Could this mean that DOE (ATVM) was provided a Notice of Default and took six months to determine a 'cure' for whatever the documented violation (missed milestone) might have been?
“Each Advance of the Loans, including the initial Advance, is subject to the satisfaction as of the date of such Advance (the "Advance Date") of the following conditions precedent, which must be to the satisfaction of DOE” (a-i omitted)
(j) Milestones.
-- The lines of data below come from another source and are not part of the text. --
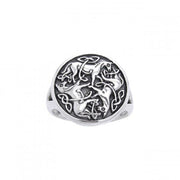 A stylized equestrian triquetra ~ Celtic Knotwork Horse Sterling Silver Ring TRI1113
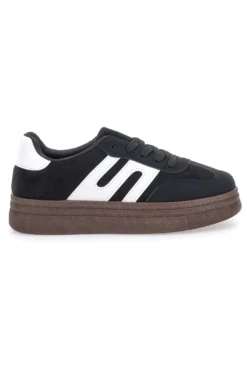 Sneakers Nere e Bianche Con Flatform First Lady 016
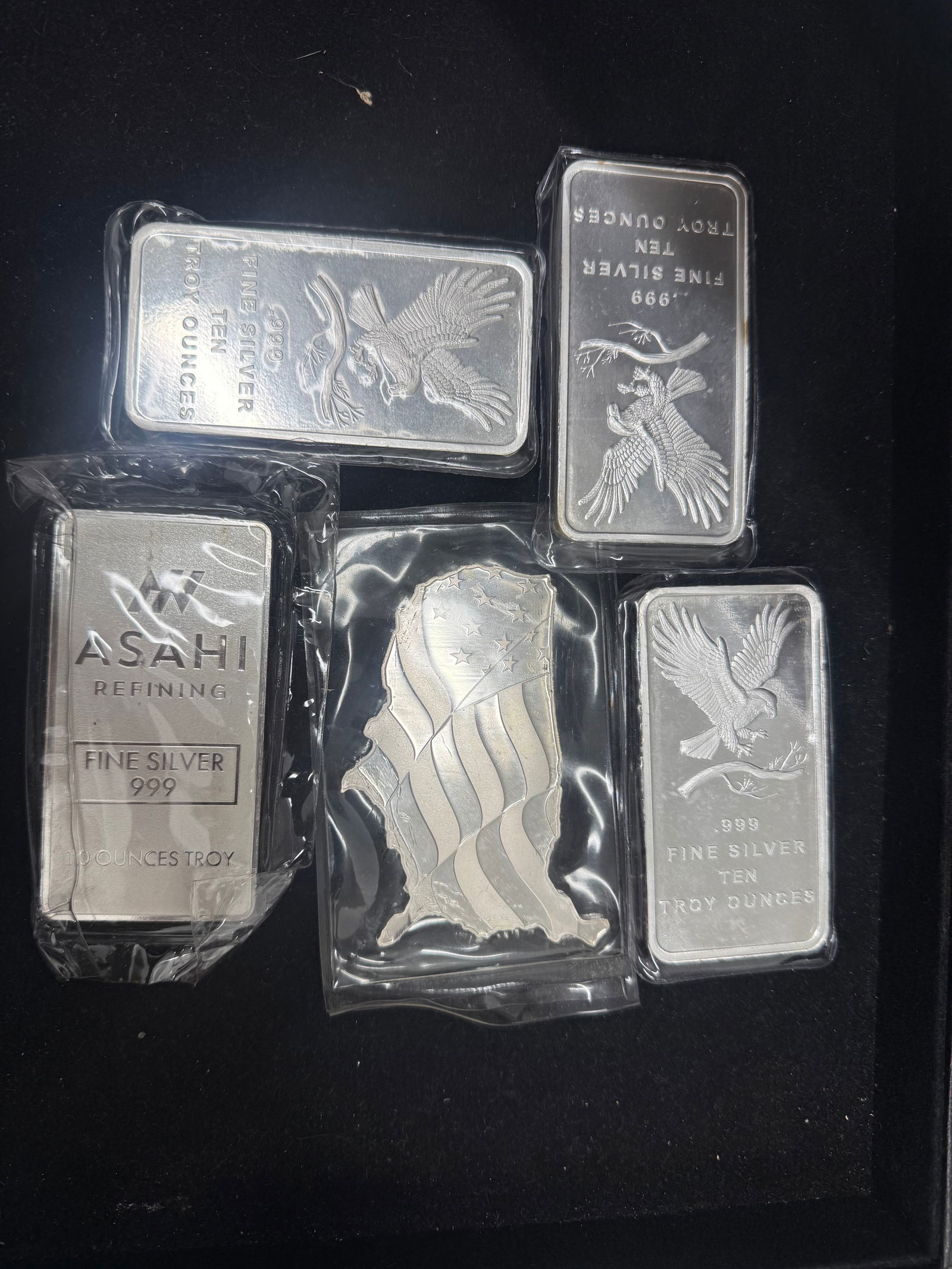 Lot of 10 Ounce Pure Silver Bars of Varying Mints .999 5 pieces (1 of 1)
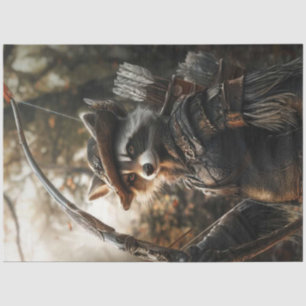 Decoupage grillige wasbeer Robyn Hood van het bos Tissuepapier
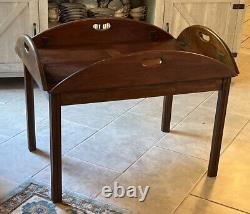 Vintage Mahogany Wood Butler Tray TableChippendale
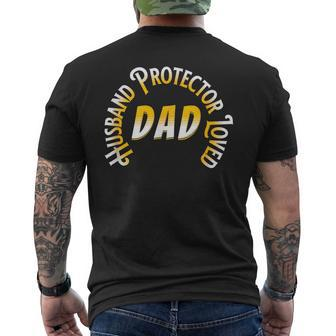 Fathers Day Husband Protector Loved - Dad Mens Back Print T-shirt | Mazezy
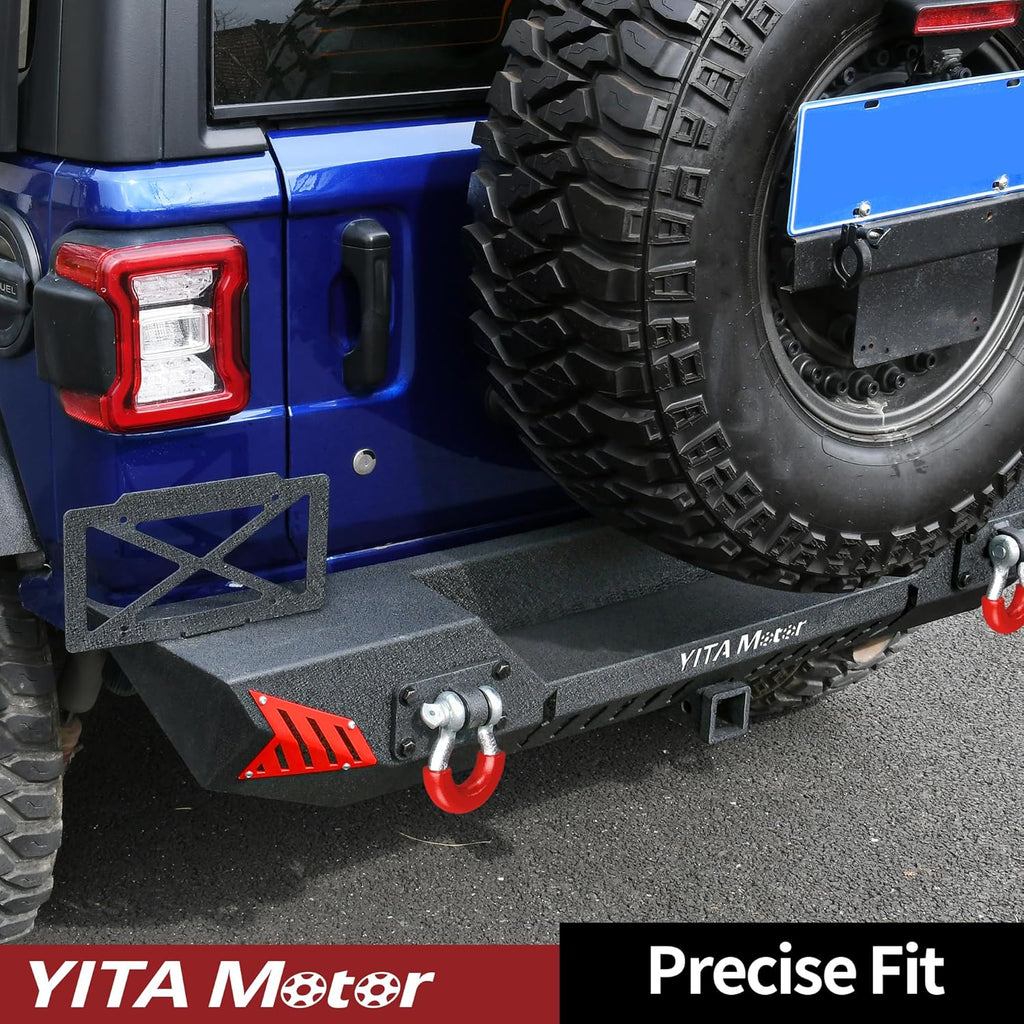 YITAMOTOR® Rear Bumper Compatible with 2018-2024 Jeep Wrangler JL & JL Unlimited (2/4 Doors), w/ 2" Hitch Receiver & 2 x D-Rings & License Plate Bracket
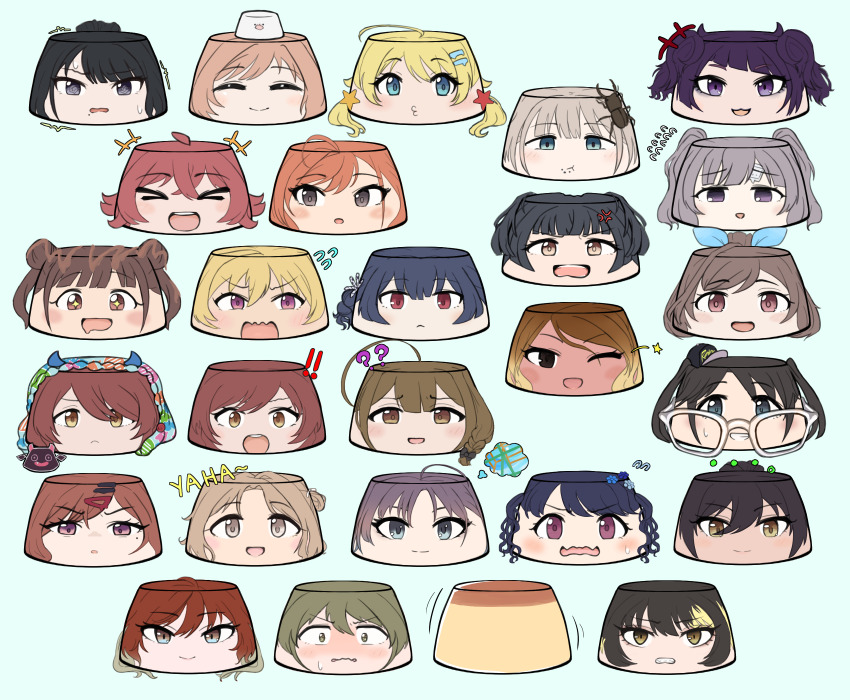 ! &gt;_&lt; +_+ ... 6+girls :3 ? ahoge aketa_mikoto alstroemeria_(idolmaster) anger_vein arisugawa_natsuha asakura_toru bandages beetle bird black_hair blanket blonde_hair blue_background blue_eyes blue_hair blunt_bangs blush bow brown_eyes brown_hair bug chocolate_syrup double_bun drooling everyone fake_horns flying_sweatdrops food foodification fukumaru_koito glasses gradient_hair grey_eyes grey_hair hachimiya_meguru hair_bow hair_bun hair_ornament hairclip hat highres higuchi_madoka horns houkago_climax_girls_(idolmaster) ichikawa_hinana idolmaster idolmaster_shiny_colors ikaruga_luca illumination_stars_(idolmaster) insect izumi_mei kazano_hiori komiya_kaho kuwayama_chiyuki l&#039;antica_(idolmaster) laughing mayuzumi_fuyuko mini_hat mitsumine_yuika mole mole_under_eye mole_under_mouth morino_rinze multicolored_hair multiple_girls nanakusa_nichika noctchill_(idolmaster) objectification one_eye_closed osaki_amana osaki_tenka pigeon psycho_orb pudding purple_eyes purple_hair red_eyes red_hair saijo_juri sakuragi_mano serizawa_asahi shirase_sakuya short_hair simple_background smile sonoda_chiyoko spoken_ellipsis spoken_exclamation_mark spoken_question_mark spoken_star star_(symbol) straylight_(idolmaster) streaked_hair tan tanaka_mamimi teeth trembling tsukioka_kogane twintails upper_teeth_only wavy_mouth yukoku_kiriko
All Milestones contemplated to be achieved as of such Advance Date have been substantially completed and Fisker shall have delivered a certificate to DOE to the foregoing effect”
Further into the Terms of the Loan it states...
“If any Event of Default (other than a failure to pay principal when due) or condition that, with the passage of time or the giving of notice, would constitute an Event of Default occurs, Borrower shall notify Lender of the occurrence of such Event of Default or the existence of such condition in writing within ten (1 0) business days of the Borrower becoming aware of the occurrence of such Event of Default or condition.”
A few important questions that still need to be answered:
What was the milestone that was missed?
Was it a milestone from the Business Plan (listed above as i and ii) or a Minimum Additional Equity Milestone?
Was there technical confusion regarding the milestone that delayed the Notice of Default?
Did Fisker file the required 10 day notification of Event Default to DOE? If so, what action did DOE take?
Why didn't GAO discover any of these issues during its review of the program office?
Did DOE did act, exercise their right to remedy the situation and then conclude a stop of drawdown was necessary?
These are just a few of the questions I have regarding this media report.